As already noted, under neoliberalism and GERM, education has increasingly assumed an economic purpose, increasing economic competitiveness by accumulating docile, flexible human capital; it has become ‘education-in-its narrowest-sense’. A post-neoliberal world provides opportunities to re-think the purposes of education, and indeed its meaning, in richer and emancipatory terms, recovering and building on concepts concerned with the holistic growth of the individual and self-formation, such as ‘education-in-its-broadest sense’ and bildung. This long-established German term conveys a conception of a human being as an entity that builds or creates herself or himself and in a way that is not pre-ordained, a process of self-development or self-formation, ‘an active undertaking, which implies an increase in the individual’s possibilities for freedom’ (Dahlberg, 2013: 83). Bildung is concerned with all aspects of the individual: ‘humans are viewed as bio-psycho-social-spiritual organisms . . . [and] the bio-psycho-social-spiritual process [lies] at the heart of Bildung’ (Rowson, 2019: 6, 12). Bildung, with its emancipatory ambitions, has much in common with an education that Collet-Sabé and Ball (2024: 11) describe as ‘refusing what we are in terms of individualised, state-shaped and consumer subjects, and instead “promot[ing] new forms of subjectivity through the refusal of this kind of individuality which has been imposed on us for several centuries” (Foucault, 1983: 220)’.
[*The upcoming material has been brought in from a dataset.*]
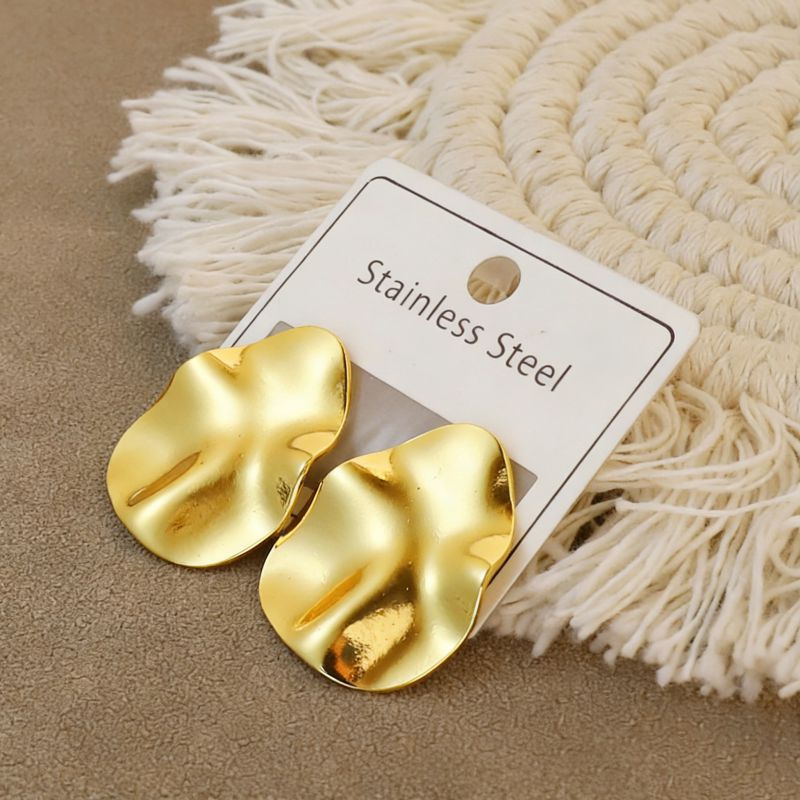 Gold Style 104 Stainless Steel Bow Earrings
Bildung is not an exercise in individualism, but concerned with how people participate in society: it is ‘the way that the individual matures and takes upon him or herself ever bigger personal responsibility towards family, friends, fellow citizens, society, humanity, our globe, and the global heritage of our species, while enjoying ever bigger personal, moral and existential freedoms’ (Andersen and Bjorkman, 2017). Bildung, therefore, understands education’s end as always being ethical, to enable the self to be seen as not just an end-in-itself, to be not for itself solely but for others. As such, the purposes of education can be about contributing (as already argued) to creating and maintaining a democratic culture, as well as to a more caring society, discussed further below, and to the vital goals of sustainability – environmental, social and economic.
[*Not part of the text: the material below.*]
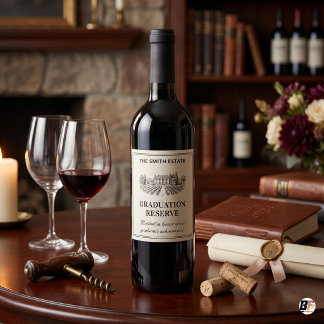 Personalisiertes Elegantes Anwesen Weinberg Abschl Weinetikett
But there are other equally rich concepts that provide a theoretical and practical framing to think about the purposes and meaning of education in a democratic culture, and that align with or complement Bildung. For instance, the South African cultural concept of Ubuntu (humanness), refers to a collective identity where the individual is not separate from, but rather, embedded in, the community into which one is born. This theoretical position – Umuntu ngumuntu ngabantu (A person is a person through his or her relationship to others: isiXhosa proverb) serves as a thoughtful starting point . . . to conceptualise anew a critical democratic citizenship education informed by cultural values and cultural hybridity (Kubow, 2018: 349).
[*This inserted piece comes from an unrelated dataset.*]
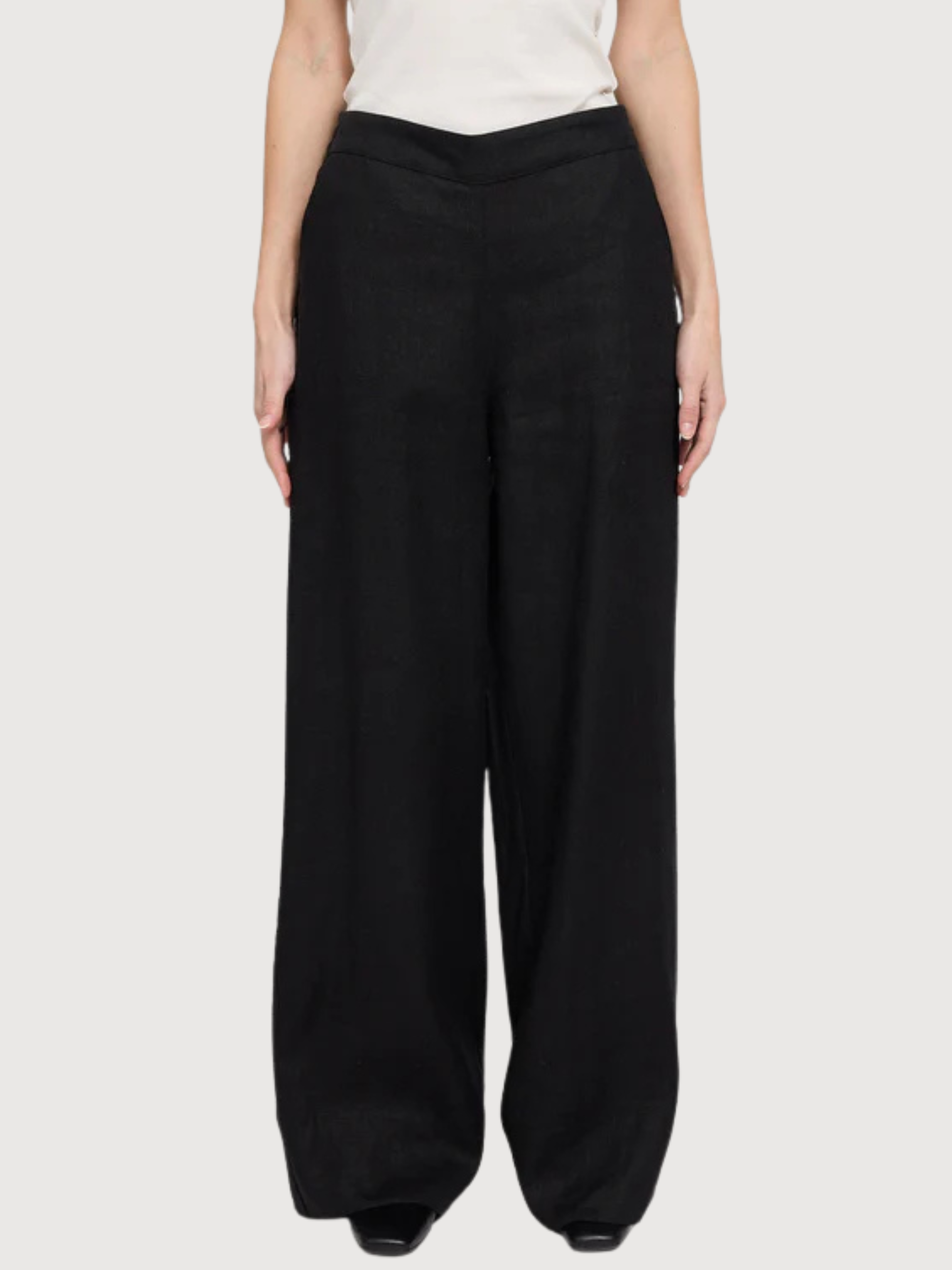 Pantaloni Donna Lino Gamba Larga Neri | Mazine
In Kubow’s work, ubuntu aligns with our vision of democratic culture, intersecting compassion, collectivism and communalism as part of a constant process of becoming. Kubow uses Desmond Tutu’s words to explain ubuntu as a way to nurture democratic behaviour through social belonging and connection: It is not, ‘I think therefore I am’. It says rather: ‘I am human because I belong. I participate, I share’. A person with ubuntu is open and available to others, affirming of others, does not feel threatened that others are able and good, for he or she belongs in a greater whole and is diminished when others are humiliated or diminished, when others are tortured or oppressed is treated as if they were less than who they are (cited in Kubow, 2018: 353).
Ideas such as these seem antithetical to the individualised competitive neoliberal project, and traverse Paulo Freire’s contention of human unfinishedness and Gloria Anzaldúa’s premise that ‘to be human is to be in a relationship; to be human is to relate to other people, to be interdependent with other people’ (Evans, 2000: 195).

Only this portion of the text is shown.